CFI expects improved performance Ms Itai Pasi

Michael Tome Business Reporter
AGRI-industrial firm CFI Holdings Limited says it expects an improved performance in 2019 following the partial clearance of credit and recapitalisation of Glenara Estates and CFI Retail.

The group has two of its companies placed under judicial management namely Victoria Foods and Crest Poultry Group since September 2016.

Acting group chairperson Itai Pasi said the clearance of RTGS$1,1 million worth of loans will formulate a better performance in the current year owing to reduced costs of borrowing.

“CFI balance sheet is stronger and well positioned to underwrite further growth in the forthcoming year following the recapitalisation of both Glenara Estates and CFI Retail over the last year coupled by reduction in borrowings during the last year.
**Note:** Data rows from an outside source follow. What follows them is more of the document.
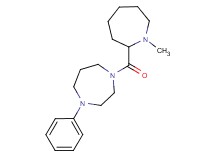 1-[(1-methyl-2-azepanyl)carbonyl]-4-phenyl-1,4-diazepane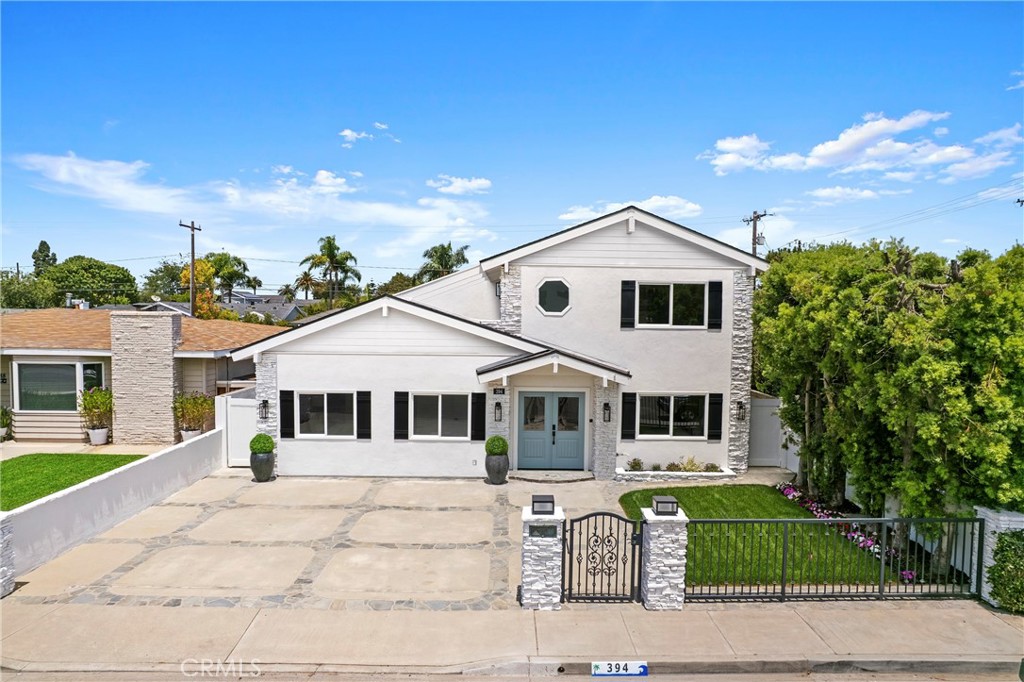 Front of Home with 3 Car Driveway - 394 Magnolia Street, Costa Mesa CA 92627 - photo 5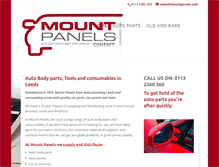 Tablet Screenshot of mountpanels.com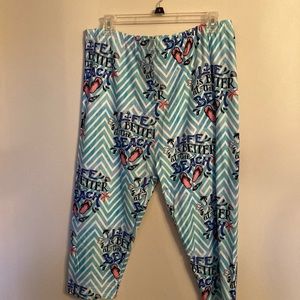 Stretch Apparel “ Life is Better at the Beach “ Capri Pant Size XPlus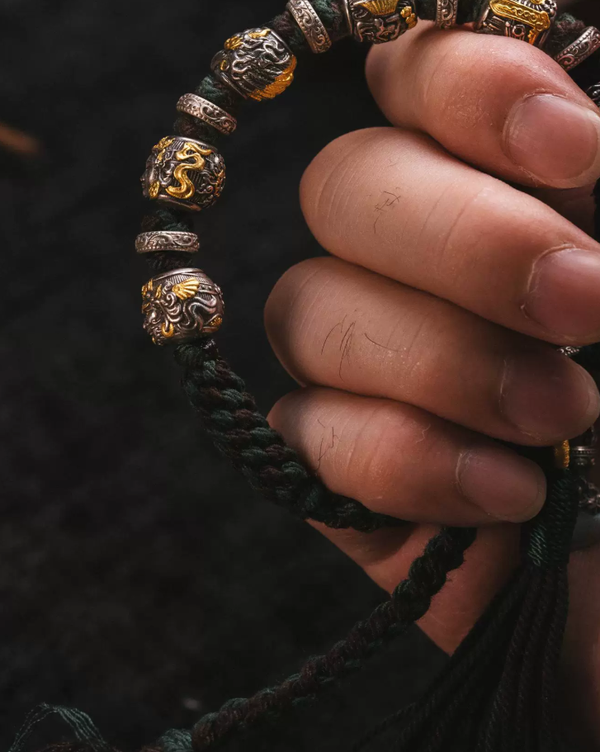 Tibetan Bead Rope Bracelet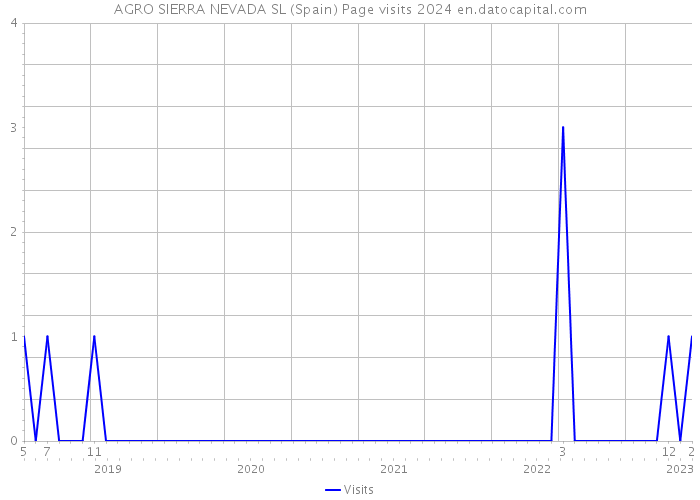 AGRO SIERRA NEVADA SL (Spain) Page visits 2024 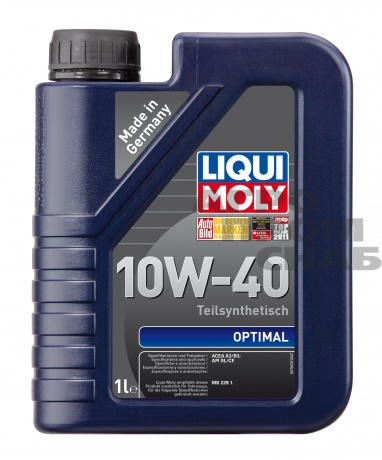 Масло Liqui Moly OPTIMAL SAE 10w-40 API SL/CF 1л.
“The group reduced its gearing by RTGS$ 1,1 million worth of borrowings. This will further reduce borrowing costs in the second half of the year,” said Ms Pasi.

CFI acting group chief executive officer Shingi Chibhanguza indicated that CFI’s performance is set to improve on the account of capital injection to Agrifoods, in addition the firm has managed to cut its debt significantly which will undeniably stimulate performance in the current year.

He alluded that the firm is performing consistent with the set budget free of maladministration as experienced in the previous times.

“Our performance to date is in line with budget and the group continues to recover from the many years of corruption and mismanagement, the group now has a nominal RTGS$312 000 outstanding loans as at end of February 2019.

“The group advanced a loan of RTGS$2,2 million to Agrifoods at the end of prior year and this earned the group a net finance income of RTGS$79 000 for the five months up to February 2019,” said Mr Chibhanguza.

In other developments the group invested RTGS $1,2 million in distribution trucks and branch managers vehicles to assist in enhancing marketing and operational efficiencies.

CFI however incurred a 26 percent surge in expenses for the five months up to February as the group dispensed cushioning allowances to its employees resultant of rising cost of living.